Frequentava bons restaurantes, estudava piano, jogava futebol com os
seminaristas às terças-feiras, e revezava com padre Beto as missas das sete da
noite.
Sempre foi um
padre à frente de seu tempo. Adorava tecnologia, equipamentos eletrônicos,
celular, ipod, notebook. No campo ideológico integrava a linha
conhecida como progressista. Sempre defendeu uma maior participação da mulher
na liturgia, o fim do celibato, posicionamentos que provocaram certa rejeição
da ala mais conservadora da igreja católica, a ala dominante. Mesmo assim, e
ele nunca soube o motivo, foi trabalhar em uma comunidade excelente: a do
Belém.
Naquela manhã
cinzenta e fria, Joaquim tomava algumas notas para as aulas, quando
ouviu alguém bater à porta. A igreja, após a missa, permanecia fechada até a
próxima celebração, que acontecia somente à noite. Foi com estranhamento,
portanto, que ouviu as batidas. A jovem se identificou como Anita. Queria
confessar. Parecia aflita.
Embora não
fosse muito dado a calcular idades, pelo que pôde notar Anita não tinha mais
que vinte. Pele branca. Olhos negros.
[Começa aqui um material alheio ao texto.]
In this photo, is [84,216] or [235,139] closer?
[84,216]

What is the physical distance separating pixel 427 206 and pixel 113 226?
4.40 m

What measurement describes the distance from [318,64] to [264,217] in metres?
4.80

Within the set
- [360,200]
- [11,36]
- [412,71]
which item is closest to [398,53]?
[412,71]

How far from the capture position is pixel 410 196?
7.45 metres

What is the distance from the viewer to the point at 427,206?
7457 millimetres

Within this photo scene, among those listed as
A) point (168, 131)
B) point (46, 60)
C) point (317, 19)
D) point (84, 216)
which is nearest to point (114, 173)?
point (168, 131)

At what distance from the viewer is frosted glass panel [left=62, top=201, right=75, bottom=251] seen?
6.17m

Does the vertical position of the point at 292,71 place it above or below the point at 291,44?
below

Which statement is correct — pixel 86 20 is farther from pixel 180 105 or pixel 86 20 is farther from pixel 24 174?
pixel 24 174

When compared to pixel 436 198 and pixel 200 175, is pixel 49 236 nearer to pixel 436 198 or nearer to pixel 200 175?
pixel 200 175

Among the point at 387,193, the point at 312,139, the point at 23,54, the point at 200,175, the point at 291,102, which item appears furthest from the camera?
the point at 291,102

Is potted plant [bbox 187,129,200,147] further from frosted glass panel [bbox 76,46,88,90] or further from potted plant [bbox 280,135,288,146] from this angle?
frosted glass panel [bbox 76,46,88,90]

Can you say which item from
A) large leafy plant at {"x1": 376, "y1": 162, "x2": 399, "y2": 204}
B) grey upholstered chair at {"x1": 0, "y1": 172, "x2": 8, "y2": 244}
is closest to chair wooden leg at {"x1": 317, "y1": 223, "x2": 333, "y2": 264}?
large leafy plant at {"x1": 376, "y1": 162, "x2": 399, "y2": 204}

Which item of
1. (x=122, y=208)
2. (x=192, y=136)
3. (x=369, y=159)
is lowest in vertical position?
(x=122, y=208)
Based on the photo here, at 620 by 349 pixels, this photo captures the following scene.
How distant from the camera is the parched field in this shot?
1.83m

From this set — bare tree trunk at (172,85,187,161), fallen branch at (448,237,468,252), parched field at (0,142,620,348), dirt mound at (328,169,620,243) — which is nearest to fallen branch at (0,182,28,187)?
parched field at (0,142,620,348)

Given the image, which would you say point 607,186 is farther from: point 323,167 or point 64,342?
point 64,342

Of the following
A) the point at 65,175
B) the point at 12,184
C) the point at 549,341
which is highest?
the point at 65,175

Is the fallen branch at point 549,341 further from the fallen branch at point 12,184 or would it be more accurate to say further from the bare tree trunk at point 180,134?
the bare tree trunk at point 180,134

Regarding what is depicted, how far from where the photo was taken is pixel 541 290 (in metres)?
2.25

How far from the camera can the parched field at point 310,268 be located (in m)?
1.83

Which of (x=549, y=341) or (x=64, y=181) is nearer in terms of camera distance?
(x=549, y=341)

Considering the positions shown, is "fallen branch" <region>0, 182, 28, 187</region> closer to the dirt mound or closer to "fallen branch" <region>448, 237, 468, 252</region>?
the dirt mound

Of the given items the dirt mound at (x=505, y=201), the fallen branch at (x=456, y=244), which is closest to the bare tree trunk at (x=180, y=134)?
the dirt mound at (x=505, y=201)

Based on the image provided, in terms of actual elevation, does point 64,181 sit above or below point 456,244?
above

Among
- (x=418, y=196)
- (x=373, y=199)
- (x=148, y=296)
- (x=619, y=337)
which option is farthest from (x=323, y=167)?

Cabelos castanho-claros. Nariz
arrebitado. Quis dispensá-la. Pensou seriamente em fazer isso. Que viesse outra
hora. Não tinha tempo, já estava atrasado para a aula no seminário.
Mas não falou
nada. Achou melhor confessá-la. Negar-lhe a absolvição que pedia seria no
mínimo um sacrilégio. Confessou-a ali mesmo, num dos bancos da igreja, bem em
frente ao altar. Desconheço o inteiro teor, naturalmente, e isso também não vem
ao caso. O que importa dizer é que a confissão deixou Joaquim muito perturbado.
Anita era uma prostituta. Consumia drogas. E acabara de matar um homem.